Hi Robert,

sorry, I didn't really explain myself very clearly. The issue isn't so much 
that I don't want the face from the outer box to be hit, I merely want to be 
able to identify that it is facing away from the camera, and hence I can ignore 
it when try to identify that the inner box has been hit. 

The outer box essentially represents the walls of a room. From outside the 
room, looking in, I can see the interrior walls which is correct. If I am 
outside my room looking in, when I click on the box that sits on the "floor" of 
my room, I get a pick list that includes the wall that I am "looking through". 
The difficulty is that I wish to discard this, and get the next item in the 
pick list which is the box that sits on the floor. I can't simply skip the 
first intersection, as if I were inside the room, then the box on the floor 
would be the first intersection and I would miss it. 

Given that I've got a hit on the wall that I'm looking through - which faces 
away from me and hence isn't visible as the culling gets rid of it for 
rendering purposes -what I need to do is essentially marry the culling that 
occurs for rendering with a pick handler so that the pick handler only 
considers faces that a rendering "cull" would want to render.

My thinking was that, rather than go to the headache of trying to do the 
"marry" it would be simpler to take my hit list, and perform the calculation 
that basically says whether the face is facing towards the camera, or away from 
it. 

The hit records gives me a world normal of the face that is hit. I thought that 
the simplest thing to do would be to get the vector of the direction of look 
for the camera, multiply the two vectors, and discard those with a positive 
component in the direction of the camera view. My difficulty is in getting the 
vector that represents the direction of view of the camera.
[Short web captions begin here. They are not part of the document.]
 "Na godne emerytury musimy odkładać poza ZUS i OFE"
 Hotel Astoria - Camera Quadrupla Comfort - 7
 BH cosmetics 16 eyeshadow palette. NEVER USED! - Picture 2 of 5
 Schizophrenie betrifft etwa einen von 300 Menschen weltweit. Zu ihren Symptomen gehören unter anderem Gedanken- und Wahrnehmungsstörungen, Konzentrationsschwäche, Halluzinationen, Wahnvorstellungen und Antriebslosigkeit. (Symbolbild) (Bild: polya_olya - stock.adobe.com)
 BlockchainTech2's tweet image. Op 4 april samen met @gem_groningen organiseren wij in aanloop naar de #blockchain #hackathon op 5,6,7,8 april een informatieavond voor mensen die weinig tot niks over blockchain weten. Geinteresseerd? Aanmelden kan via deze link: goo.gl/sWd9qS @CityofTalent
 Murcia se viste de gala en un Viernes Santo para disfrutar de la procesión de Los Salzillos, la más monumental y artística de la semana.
I don't know how to 
do that, and I guess thats what I really need the help with. 

Could you tell me how I get this vector, or perhaps suggest an alternative 
approach ? Surely the node mask approach would prevent me "selecting" the 
interior wall that is facing towards me, which isn't right as I may wish to 
select this wall and put a really "cheesey" wall paper texture on it :-)

I would be grateful for any help on this.